Children were observed interrupting their play willingly and without resistance to attend to the guided reading session run by yourself.  They seemed to accept that this was a requirement and consolidated this with the knowledge that they would be able to return to their activity when their reading session was completed.  There was no reluctance to follow teacher instructions or engage in explicit teacher-directed tasks observed at any time.

Children took part in co-constructing the behaviours expected of them during their new self-directed fruit break time.  They were able to articulate clearly three rules that would enable them to take their fruit break as required.  It was accepted by all that not everyone is hungry at the same time and that this would be the indicator to needing to stop their play for fruit as required.  Children appeared to enjoy the level of responsibility placed on them in making this decision for themselves. 

In summary, the play observed this morning in Room 1 meets the criteria for an authentic play based learning environment as per the indicators included below. 
Was play self-chosen and self-directed?

YES

Was play process rather than product focused?
YES

Were the students responsible for creating the structure/rules of the play activity?
YES

Was the play imaginative, non-literal and removed some way from ‘real’ or ‘serious’ life?
YES

Were the students active, alert and non-stressed?
YES













Suggestions to Encourage Further Authentic and Rich Play Based Learning:

Developmental Needs/Level of Play/Urges:
·     It may be useful to consider your students on the developmental continuum both with regards to their levels of play and cognitive development.  This may assist you in providing appropriate resourcing as well as positioning yourself to scaffold their learning towards the next developmental milestone. 
·     Identifying common urges in the group will also assist you to respond through resourcing and coaching and encourage the full exploration of these urges within the students.  A planning template demonstrating this may be useful in identifying and planning for these urges further. 

Resourcing:
·    Students need to be able to have access to a variety of loose parts both small and large.  This is an ongoing challenge for teachers operating a play-based learning environment.  Loose parts ideally, but not exclusively should be part of an environment that is “rich in open-ended materials and real materials, invoking children to experiment, engage, construct and invent; inviting them to tinker, to manipulate and to play” (Nicholson, 1972). 
·      Loose parts should be available to the students as and when they require in order to be as responsive as possible to their passions and inspirations. 

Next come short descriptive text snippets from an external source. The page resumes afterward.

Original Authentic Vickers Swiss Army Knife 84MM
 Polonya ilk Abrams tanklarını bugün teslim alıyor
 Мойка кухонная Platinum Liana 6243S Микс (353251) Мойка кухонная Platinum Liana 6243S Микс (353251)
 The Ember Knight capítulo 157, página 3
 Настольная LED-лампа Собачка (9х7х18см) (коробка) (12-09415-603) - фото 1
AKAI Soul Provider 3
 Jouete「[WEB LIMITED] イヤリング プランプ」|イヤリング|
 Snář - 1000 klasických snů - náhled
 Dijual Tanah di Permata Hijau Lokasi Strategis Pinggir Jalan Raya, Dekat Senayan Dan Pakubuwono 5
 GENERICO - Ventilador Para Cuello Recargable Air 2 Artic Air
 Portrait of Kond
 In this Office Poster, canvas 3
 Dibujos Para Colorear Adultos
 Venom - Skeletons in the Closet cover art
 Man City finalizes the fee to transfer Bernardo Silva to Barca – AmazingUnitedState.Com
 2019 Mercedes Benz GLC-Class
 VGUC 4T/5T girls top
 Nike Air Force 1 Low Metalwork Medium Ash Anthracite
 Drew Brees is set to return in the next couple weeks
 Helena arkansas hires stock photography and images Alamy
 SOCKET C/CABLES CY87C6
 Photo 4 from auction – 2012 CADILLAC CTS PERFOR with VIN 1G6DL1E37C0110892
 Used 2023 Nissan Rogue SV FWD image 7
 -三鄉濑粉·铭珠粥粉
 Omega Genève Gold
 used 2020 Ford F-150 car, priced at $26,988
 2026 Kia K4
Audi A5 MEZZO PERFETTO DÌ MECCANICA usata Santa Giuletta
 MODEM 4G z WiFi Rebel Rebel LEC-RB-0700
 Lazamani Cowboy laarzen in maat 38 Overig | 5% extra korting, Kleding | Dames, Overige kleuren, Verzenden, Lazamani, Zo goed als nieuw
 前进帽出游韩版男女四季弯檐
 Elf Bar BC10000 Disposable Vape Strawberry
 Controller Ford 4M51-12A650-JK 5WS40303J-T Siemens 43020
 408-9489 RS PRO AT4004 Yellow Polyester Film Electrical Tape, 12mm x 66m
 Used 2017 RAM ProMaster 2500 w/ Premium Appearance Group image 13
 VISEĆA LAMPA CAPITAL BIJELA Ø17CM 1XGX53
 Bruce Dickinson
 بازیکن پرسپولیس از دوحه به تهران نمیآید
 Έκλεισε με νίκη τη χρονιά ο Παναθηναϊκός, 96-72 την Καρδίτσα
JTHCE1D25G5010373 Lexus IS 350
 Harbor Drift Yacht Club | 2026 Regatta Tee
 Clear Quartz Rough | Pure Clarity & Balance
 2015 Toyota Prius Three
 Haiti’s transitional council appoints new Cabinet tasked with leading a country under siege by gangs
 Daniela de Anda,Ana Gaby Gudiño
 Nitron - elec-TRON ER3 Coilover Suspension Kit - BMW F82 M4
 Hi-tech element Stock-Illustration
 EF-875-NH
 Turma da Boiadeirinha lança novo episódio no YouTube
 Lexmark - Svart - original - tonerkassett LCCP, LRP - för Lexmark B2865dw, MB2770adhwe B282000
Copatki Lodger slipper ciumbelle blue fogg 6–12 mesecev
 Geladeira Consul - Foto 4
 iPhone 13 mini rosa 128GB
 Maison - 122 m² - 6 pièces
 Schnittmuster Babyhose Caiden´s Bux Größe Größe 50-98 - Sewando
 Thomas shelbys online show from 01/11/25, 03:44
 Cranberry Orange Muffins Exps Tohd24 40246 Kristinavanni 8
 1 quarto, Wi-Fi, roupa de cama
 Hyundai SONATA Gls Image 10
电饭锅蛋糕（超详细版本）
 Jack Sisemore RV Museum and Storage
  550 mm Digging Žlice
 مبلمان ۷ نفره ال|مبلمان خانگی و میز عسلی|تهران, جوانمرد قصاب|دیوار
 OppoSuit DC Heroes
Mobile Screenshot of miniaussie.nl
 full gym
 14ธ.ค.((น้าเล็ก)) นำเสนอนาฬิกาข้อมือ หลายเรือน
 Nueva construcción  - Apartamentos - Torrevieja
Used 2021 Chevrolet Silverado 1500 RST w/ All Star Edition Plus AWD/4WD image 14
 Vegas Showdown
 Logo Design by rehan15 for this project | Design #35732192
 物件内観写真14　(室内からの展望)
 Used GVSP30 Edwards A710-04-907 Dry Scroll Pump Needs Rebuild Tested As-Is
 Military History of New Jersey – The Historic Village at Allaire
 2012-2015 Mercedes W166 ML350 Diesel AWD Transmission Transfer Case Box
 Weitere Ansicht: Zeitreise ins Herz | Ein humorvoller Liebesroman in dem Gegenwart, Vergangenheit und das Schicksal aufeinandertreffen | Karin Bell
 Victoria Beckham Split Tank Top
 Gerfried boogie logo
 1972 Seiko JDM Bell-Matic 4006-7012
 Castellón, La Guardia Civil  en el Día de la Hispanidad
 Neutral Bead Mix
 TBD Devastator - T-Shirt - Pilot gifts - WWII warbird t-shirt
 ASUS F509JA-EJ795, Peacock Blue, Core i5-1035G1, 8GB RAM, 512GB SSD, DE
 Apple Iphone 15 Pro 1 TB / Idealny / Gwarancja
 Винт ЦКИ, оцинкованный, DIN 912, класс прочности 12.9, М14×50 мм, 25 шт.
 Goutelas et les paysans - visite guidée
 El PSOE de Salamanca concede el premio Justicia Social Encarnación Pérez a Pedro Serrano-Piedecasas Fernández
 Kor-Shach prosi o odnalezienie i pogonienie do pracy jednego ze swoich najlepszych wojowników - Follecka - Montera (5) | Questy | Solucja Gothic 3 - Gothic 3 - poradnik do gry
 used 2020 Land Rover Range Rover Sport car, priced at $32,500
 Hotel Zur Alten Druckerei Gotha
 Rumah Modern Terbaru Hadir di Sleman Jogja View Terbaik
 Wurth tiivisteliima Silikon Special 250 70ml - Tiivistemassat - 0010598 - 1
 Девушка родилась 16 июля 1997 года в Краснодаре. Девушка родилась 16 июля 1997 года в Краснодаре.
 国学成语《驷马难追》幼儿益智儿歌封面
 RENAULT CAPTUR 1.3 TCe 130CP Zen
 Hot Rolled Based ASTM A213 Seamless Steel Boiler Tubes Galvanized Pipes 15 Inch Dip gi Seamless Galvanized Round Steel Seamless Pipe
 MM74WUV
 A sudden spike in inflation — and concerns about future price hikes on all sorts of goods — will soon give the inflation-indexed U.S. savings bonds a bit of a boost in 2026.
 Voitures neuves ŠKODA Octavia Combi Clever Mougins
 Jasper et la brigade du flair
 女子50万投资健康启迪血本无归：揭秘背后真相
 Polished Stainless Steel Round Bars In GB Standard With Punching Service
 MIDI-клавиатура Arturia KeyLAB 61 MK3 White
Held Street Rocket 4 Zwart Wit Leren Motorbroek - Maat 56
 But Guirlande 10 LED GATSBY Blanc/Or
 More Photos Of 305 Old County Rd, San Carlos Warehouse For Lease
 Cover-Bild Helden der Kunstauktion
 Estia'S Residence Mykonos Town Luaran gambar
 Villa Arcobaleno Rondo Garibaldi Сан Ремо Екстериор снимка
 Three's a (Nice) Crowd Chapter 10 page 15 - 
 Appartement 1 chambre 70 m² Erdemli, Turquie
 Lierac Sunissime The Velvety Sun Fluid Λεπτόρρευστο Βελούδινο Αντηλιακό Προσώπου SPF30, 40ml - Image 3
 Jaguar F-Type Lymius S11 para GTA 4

Achieving a Balance of Explicit Teaching, Modelling and Coaching of Identified Socio-Emotional Skills:
·     The interactions observed today indicate some common themes that can now be identified and planned for with regards to key socio-emotional skill development in your students. 
·      A plan identifying which skills to begin a focus on will then assist you in determining what explicit teaching is required, how these skills can be modelled and practiced and provide a focus for your coaching interactions with students during their play. 
·   Teaching, modelling and coaching a simple problem-solving process will also aid in developing responsibility and independence in your learners when faced with challenges that arise within their play interactions. 

Assessing and Recording the Learning Occurring during Play:

·      The observation today provided rich data for the eventual assessment and documented observation of the learning that is occurring in Room 1.  Discussion regarding how this can be managed may be useful, as well as the basic structure needed to implement the Narrative Assessment process.